Question

If one letter is chosen at random from the word ‘mathematics’. Find the probability of choosing:
(A). ‘m’ alphabet
(B). ‘a’ alphabet
(C). ‘c’ alphabet

Answer 1

Hint: Use the mathematical definition of probability, which is given as:
$P=\dfrac{\text{Number of favourable cases}}{\text{Total cases}}$
Count the total number of letters/alphabets in the word “mathematics” and put it as total cases in the above relation. Now, get the total number of alphabet ‘m’ for number of favorable cases to the relation and get the answer of the first part. Similarly, get the answer for the other two parts by putting favorable cases as the total number of alphabets ‘a’ for the second part and ‘c’ for the third part.

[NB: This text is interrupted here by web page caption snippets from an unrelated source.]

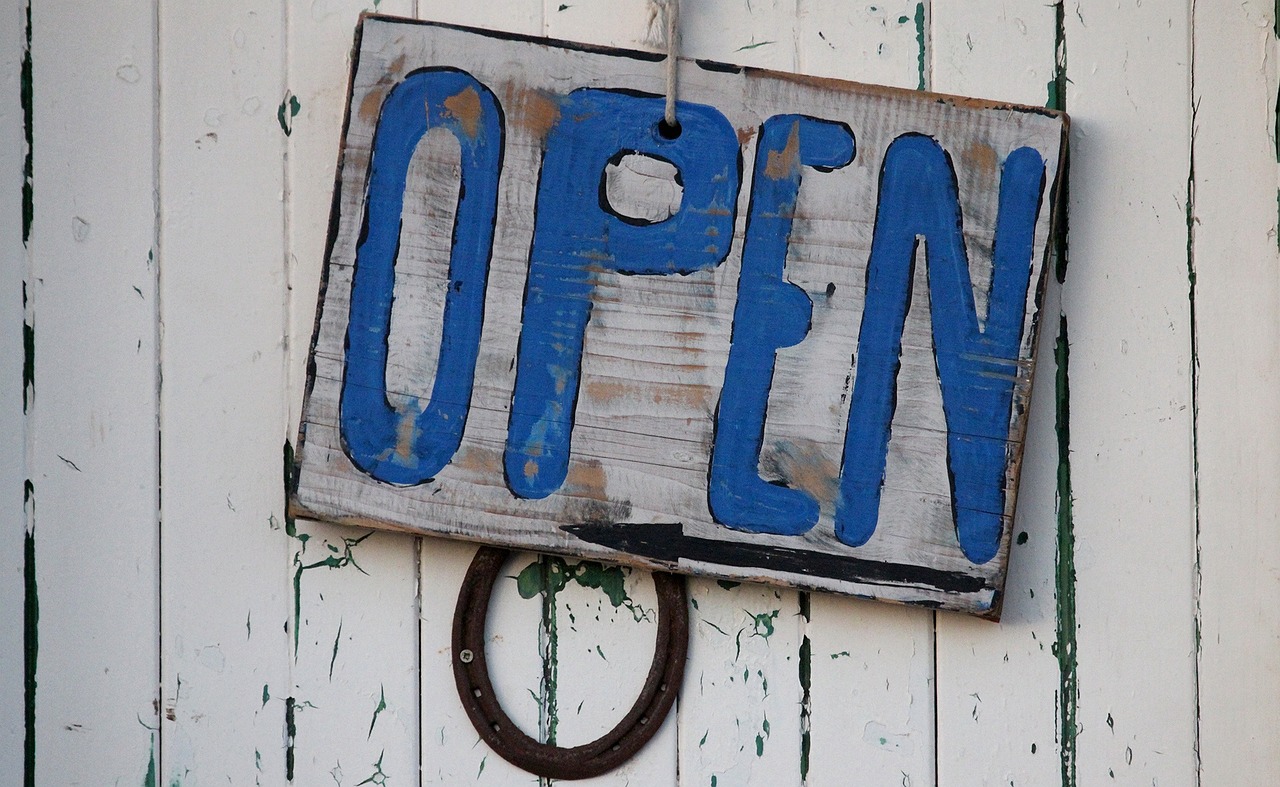 Open sign in a storefront door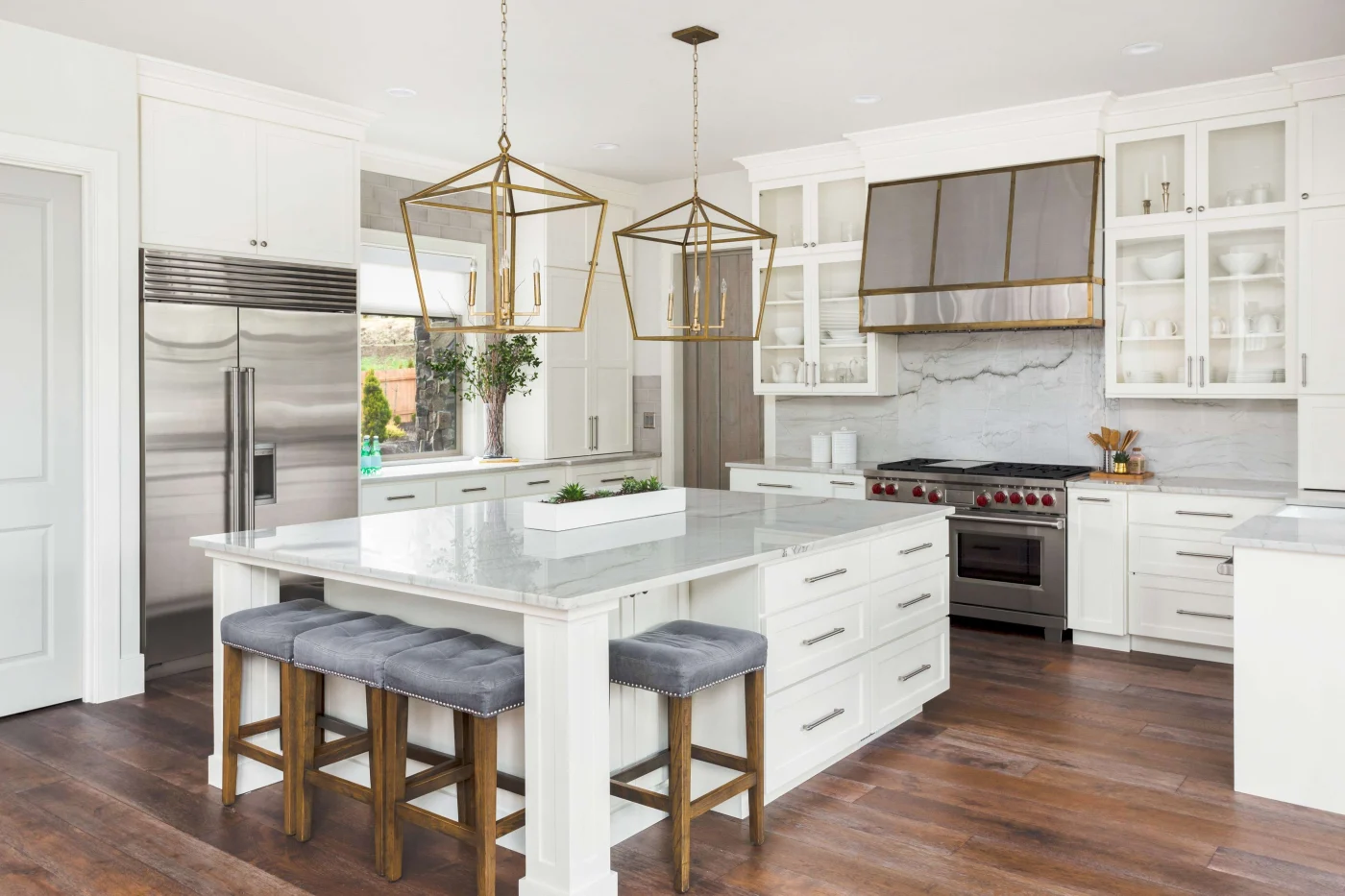 A modern, open-plan kitchen with a large center Island, white cabinets, marble countertops, and stainless steel appliances.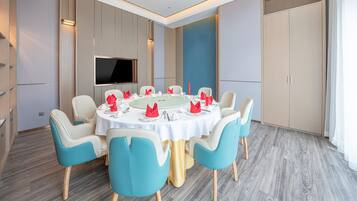 A conference room with a round table, chairs, a flat-screen TV, and a large cabinet.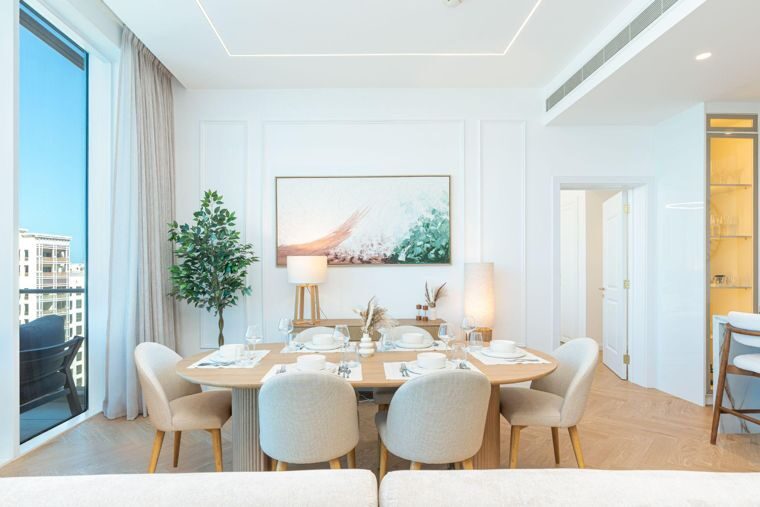 Dining area of a modern waterfront apartment with skyline views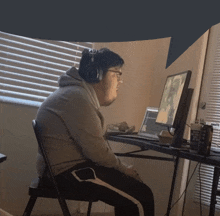 a man wearing headphones is sitting in front of a computer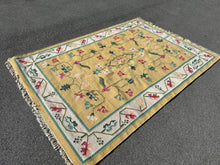 Load image into Gallery viewer, Woven Golden Rug with Floral Design
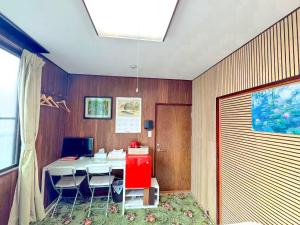 a room with a table with chairs and a computer at 媛楽園Himerakuen in Matsuyama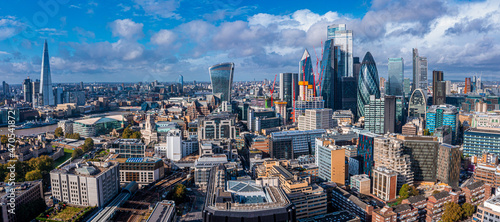 Aerial panoramic scene of the London city financial district with many iconic skyscrapers near river Thames.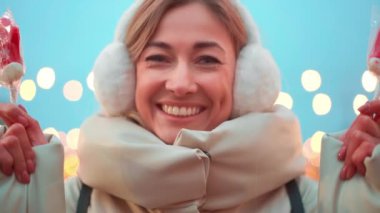 Mutlu kadın Noel pazarında eldiven şeklinde şekerler tutuyor. Gülümseyen beyaz kadın festival sezonunda kışın kuklalar takıyor ve boynunu ısıtıyor.. 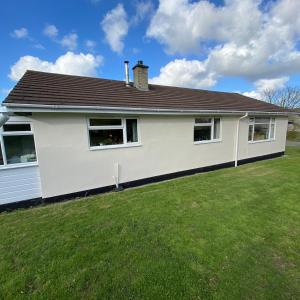 a white house with a grass yard at Agapanthus Bed & Breakfast - Fraddam in Hayle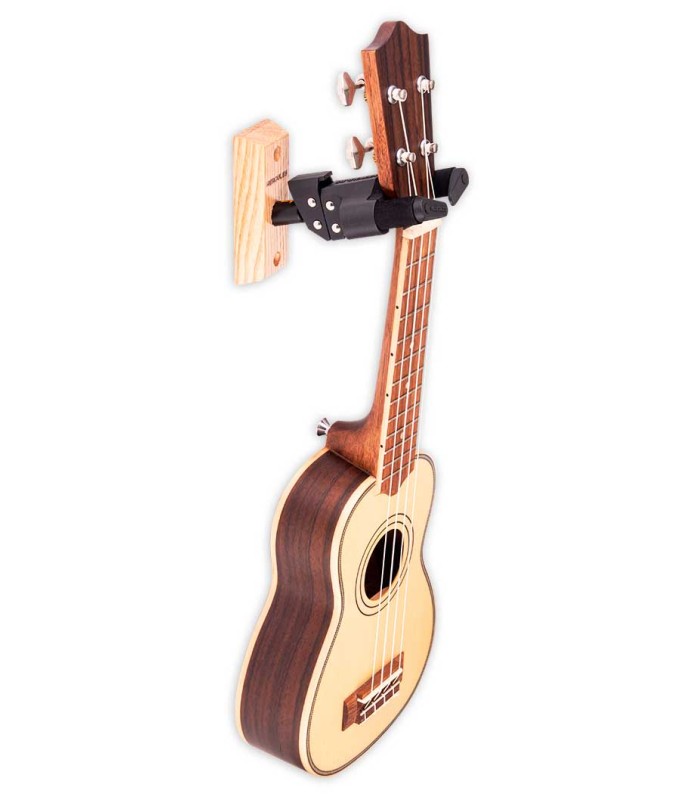 Wall stand Hercules model USP10WB holding an ukulele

Complete step-by-step solution -
As we know probability can be defined mathematically as:
$P=\dfrac{\text{Number of favourable cases}}{\text{Total cases}}$………………………… (1)
Now, coming to the question, it is given that we have to choose one letter at random from the word “mathematics” and hence, we need to determine the probability of choosing
‘m’ alphabet
‘a’ alphabet
‘c’ alphabet
Now, we are given the word “mathematics”. So, let us write down the different number of alphabets with their counting in the word. So, we get:
$\begin{align}
  & m\to 2 \\
 & a\to 2 \\
 & t\to 2 \\
 & h\to 1 \\
 & e\to 1 \\
 & i\to 1 \\
 & c\to 1 \\
 & s\to 1 \\
\end{align}$
So, the total number of alphabets in the given word is given as $=11$.
Now, coming to the question:-
(A). ‘m’ alphabet
Here, we need to find the probability for choosing the ‘m’ alphabet from the given word “mathematics”. So, we can get a probability using relation (1), where we know
Total number of cases = Total number of alphabets = 11.
Favorable cases = number of ‘m’ alphabet in given word = 2
So, we get the probability as:
$P=\dfrac{2}{11}$
(B). ‘a’ alphabet
Here, we need to find the probability for choosing the alphabet ‘a’ from the given word “mathematics”. So, we can get the probability using relation (1), where we know:
Total number of cases = Total number of alphabets = 11.
Favorable cases = number of ‘a’ alphabet in given word = 2
So, we get the probability to choose the alphabet ‘a’ as:
$P=\dfrac{2}{11}$
(C). ‘c’ alphabet
Here, we need to find the probability for choosing the alphabet ‘c’ from the given word “mathematics”. So, we can get probability using relation (1), where we know:
Total number of cases = Total number of alphabets = 11.
Favorable cases = number of ‘c’ alphabet in given word = 1
So, we get the probability to choose the alphabet ‘c’ as:
$P=\dfrac{1}{11}$.

Note: Be careful with the counting of letters, don’t miss any of the letters required for the relation to get the required probability. So, take care of these kinds of problems.
The probability of any event cannot be more than 1. So, if you are getting the probability of given events more than 1, then you can apply the wrong formula. So, be careful with this concept as well, it will give you verification of the solution.